━━━ Material provided

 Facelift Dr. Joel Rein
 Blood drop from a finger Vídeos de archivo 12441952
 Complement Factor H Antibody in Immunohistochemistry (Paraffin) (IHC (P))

━━━━━━

__Task to complete__. The lines from the one containing "Blood drop from" through the end of the data are to be copied exactly, the first and last of them included.

__Written solution__.
 Blood drop from a finger Vídeos de archivo 12441952
 Complement Factor H Antibody in Immunohistochemistry (Paraffin) (IHC (P))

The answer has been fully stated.